GIVEN DATA
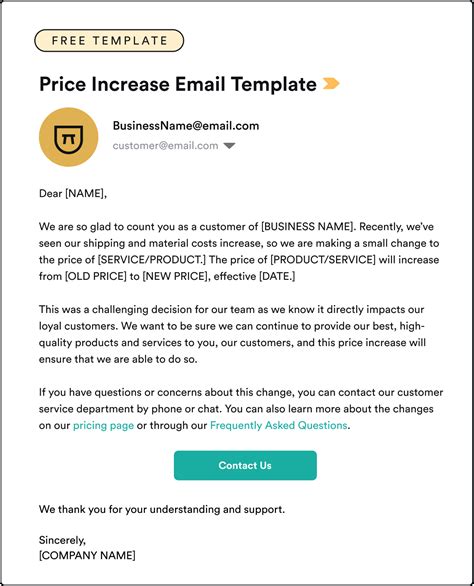 Fee Increase Letter Template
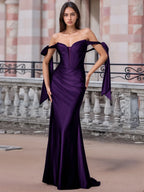 Off Shoulder Lace Up Bow Trumpet Prom Dress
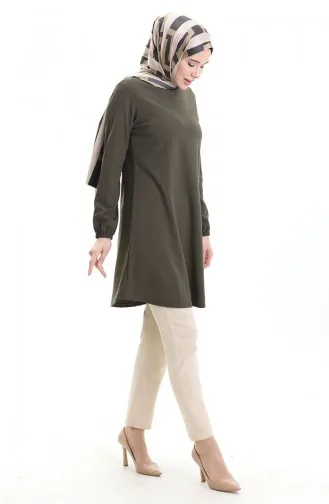 Seizoensgebonden Vloeiende Effen Tuniek Met Elastische Mouwen 8751-03 Khaki 8751-03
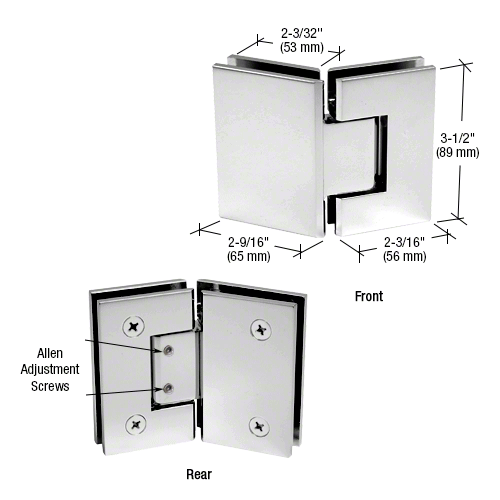 Adjustable Glass to Glass Shower Door hinge, Geneva 135 Degree Glass-to-Glass Hinge CHROME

TASK GOAL
Every line of the listing is to be retyped exactly; pictures stay out.

EXERCISE RESULT
 Fee Increase Letter Template
 Off Shoulder Lace Up Bow Trumpet Prom Dress
 Seizoensgebonden Vloeiende Effen Tuniek Met Elastische Mouwen 8751-03 Khaki 8751-03
 Adjustable Glass to Glass Shower Door hinge, Geneva 135 Degree Glass-to-Glass Hinge CHROME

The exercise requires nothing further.